出演者の皆さんも初めての試みということで、メールやオンライン上でのやり取りを重ね、お互いに意見を尊重しながらもより良い音楽会にするための議論が行われました。

6月28日(月) 第一回音合わせ

ステージ横に出演者の皆さんが集まり、顔合わせと打ち合わせが行われました。
「三味線が入っていることが今回の演奏会の面白さです。」とプログラムの構成やまとめ役をしてくださった長谷川先生からお話しがありました。

演奏をしながらお互いの音楽を理解していく様は、流石プロの皆様。
音のバランスや表現の仕方など、試行錯誤を重ね課題点を見出していきます。

7月5日(月) 第二回音合わせ

二回目の音合わせでは、より細部に拘った音への注文が各アーティストから飛び交います。
真摯に音楽に向き合う4人の演奏家たち。3週間後に迫る本番に向けて、調整を進めます。

7月24日(土) 前日リハーサル

曲の合間のMCも含め、全体の流れを確認。
本番を意識したリハーサル。
心地よい緊張感の中、今まで以上の素晴らしいハーモニーが大ホールへと響き渡ります。

7月25日(日) 当日

午前中に最終調整。しっかりと腹ごしらえを済ませ、開演のベルを待ちます。

堂々と入場する小竹さん。静かなホールに突如響く三味線の音。会場の空気がピンと張りつめました。
1曲目は青森県民謡『中じょんがら節(津軽じょんがら節・中節)』。
弦を叩くバチの音と余韻が、体の隅々に沁みていきます。

ピアニスト・作曲家の布施さん。
三味線で演奏されることの多い「じょんがら節」をモチーフにして作曲された『じょんがら節トッカータ』を演奏しました。圧倒的な技巧に会場中が息を飲みます。

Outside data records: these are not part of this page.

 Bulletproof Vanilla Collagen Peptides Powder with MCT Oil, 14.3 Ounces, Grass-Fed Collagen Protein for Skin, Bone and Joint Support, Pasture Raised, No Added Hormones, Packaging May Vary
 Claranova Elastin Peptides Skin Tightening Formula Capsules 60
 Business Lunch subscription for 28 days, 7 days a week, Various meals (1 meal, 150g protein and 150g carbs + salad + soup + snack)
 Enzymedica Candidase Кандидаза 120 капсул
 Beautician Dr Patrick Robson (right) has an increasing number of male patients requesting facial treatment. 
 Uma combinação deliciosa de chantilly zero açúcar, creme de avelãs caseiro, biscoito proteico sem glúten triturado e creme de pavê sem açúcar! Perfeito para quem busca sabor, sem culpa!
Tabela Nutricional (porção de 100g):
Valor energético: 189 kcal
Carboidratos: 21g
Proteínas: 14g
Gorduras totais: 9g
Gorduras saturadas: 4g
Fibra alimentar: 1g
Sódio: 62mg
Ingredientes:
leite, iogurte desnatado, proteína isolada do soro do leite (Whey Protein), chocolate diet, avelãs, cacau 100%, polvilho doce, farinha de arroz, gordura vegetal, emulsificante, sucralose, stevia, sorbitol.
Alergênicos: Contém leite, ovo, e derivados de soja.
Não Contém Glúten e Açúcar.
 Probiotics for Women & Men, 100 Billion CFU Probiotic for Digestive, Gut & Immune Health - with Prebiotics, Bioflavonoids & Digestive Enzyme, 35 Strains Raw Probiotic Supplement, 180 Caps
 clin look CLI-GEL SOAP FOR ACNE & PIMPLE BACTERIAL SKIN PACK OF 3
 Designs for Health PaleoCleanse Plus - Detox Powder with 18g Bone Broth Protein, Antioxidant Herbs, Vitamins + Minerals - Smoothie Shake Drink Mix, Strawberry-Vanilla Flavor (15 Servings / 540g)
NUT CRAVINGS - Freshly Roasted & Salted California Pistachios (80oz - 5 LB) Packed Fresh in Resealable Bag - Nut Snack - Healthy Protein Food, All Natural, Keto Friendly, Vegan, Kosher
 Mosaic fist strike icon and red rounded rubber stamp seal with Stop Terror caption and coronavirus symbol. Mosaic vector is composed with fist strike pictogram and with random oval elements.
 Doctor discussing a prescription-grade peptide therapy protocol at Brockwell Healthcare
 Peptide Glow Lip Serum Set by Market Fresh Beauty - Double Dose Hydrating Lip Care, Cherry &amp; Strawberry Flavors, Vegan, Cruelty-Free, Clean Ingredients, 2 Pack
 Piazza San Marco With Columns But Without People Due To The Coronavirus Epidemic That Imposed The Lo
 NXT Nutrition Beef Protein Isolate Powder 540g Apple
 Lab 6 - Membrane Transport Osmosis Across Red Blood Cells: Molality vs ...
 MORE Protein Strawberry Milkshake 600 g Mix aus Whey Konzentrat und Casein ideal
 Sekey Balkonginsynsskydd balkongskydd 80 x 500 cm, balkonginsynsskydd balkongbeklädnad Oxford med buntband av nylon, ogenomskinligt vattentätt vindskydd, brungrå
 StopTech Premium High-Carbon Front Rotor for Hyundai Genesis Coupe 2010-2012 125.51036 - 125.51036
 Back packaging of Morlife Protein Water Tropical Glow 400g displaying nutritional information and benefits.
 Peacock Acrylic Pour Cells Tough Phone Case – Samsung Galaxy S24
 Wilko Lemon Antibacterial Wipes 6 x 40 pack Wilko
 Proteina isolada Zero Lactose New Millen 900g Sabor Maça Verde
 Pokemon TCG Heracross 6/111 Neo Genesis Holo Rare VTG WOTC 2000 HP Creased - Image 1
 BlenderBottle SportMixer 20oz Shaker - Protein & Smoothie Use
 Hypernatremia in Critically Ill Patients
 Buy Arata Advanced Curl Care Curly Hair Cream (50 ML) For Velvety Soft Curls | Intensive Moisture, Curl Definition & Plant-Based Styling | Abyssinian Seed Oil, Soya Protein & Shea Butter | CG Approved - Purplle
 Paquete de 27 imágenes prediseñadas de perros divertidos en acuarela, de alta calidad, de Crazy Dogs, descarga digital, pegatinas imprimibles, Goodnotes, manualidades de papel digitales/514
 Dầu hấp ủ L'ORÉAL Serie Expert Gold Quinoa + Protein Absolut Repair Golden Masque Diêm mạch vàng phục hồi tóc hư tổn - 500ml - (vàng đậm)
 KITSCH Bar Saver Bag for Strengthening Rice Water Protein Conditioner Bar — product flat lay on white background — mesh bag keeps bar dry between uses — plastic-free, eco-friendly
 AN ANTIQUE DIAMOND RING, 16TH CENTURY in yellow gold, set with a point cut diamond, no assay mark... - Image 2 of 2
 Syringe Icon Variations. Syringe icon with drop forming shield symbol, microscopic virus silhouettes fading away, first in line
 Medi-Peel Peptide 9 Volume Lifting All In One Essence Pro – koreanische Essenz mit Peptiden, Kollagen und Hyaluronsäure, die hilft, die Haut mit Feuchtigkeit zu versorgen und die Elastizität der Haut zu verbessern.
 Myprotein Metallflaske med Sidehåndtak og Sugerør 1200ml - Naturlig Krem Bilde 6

バリトン歌手として新潟県内で広く活躍されている鈴木さん。(実は農業家でもあります。)
ミュージカル「ラ・マンチャの男」の劇中の台詞を前口上に『見果てぬ夢』が始まります。
布施さんの伴奏と、鈴木さんの力強く情熱的な歌声が大ホールに響き渡りました。
お客様は一瞬拍手を忘れるほどに鈴木さんの歌声に魅了されていました。

1部の最後はフルート奏者の仲野さんによる『カルメン幻想曲』。
オペラ「カルメン」に登場する曲を用いた作品で、オペラを観たことがない方でも一度は聞いたことがあるような、有名なメロディが演奏されました。
仲野さんの今日の衣装は青いドレス。銀色のフルートと共にキラキラとステージを彩ります。

2部ではこの音楽会の醍醐味でもある珍しい組み合わせでの演奏が繰り広げられました。
フルートと三味線。バリトンとフルート、ピアノ。
今までに見たことのない豪華なコラボレーション!

プログラム最後の曲は「上越のうた~相馬御風・中山晋平メドレー~」。
上越の民謡「直江津小唄」「春日山節」「高田花見小唄」の三曲を、この演奏会のために布施さんが編曲して下さいました。
民謡といえば普段、お祭りなどで耳にすることが多いのではないでしょうか。そんな耳馴染みのある旋律が、4名の演奏家によって生まれ変わり、ホールいっぱいに素晴らしい響きが奏でられました。 演奏に合わせて手拍子が鳴り響き、会場が一体となり、皆さんの笑顔がはじけます。

終演後…

音楽会も大盛況の内に終わり、ほっと息をつく皆さん。
お客さんが帰られた後のステージで、記念に集合写真を撮りました。
達成感に輝く笑顔。素晴らしい演奏をありがとうございました。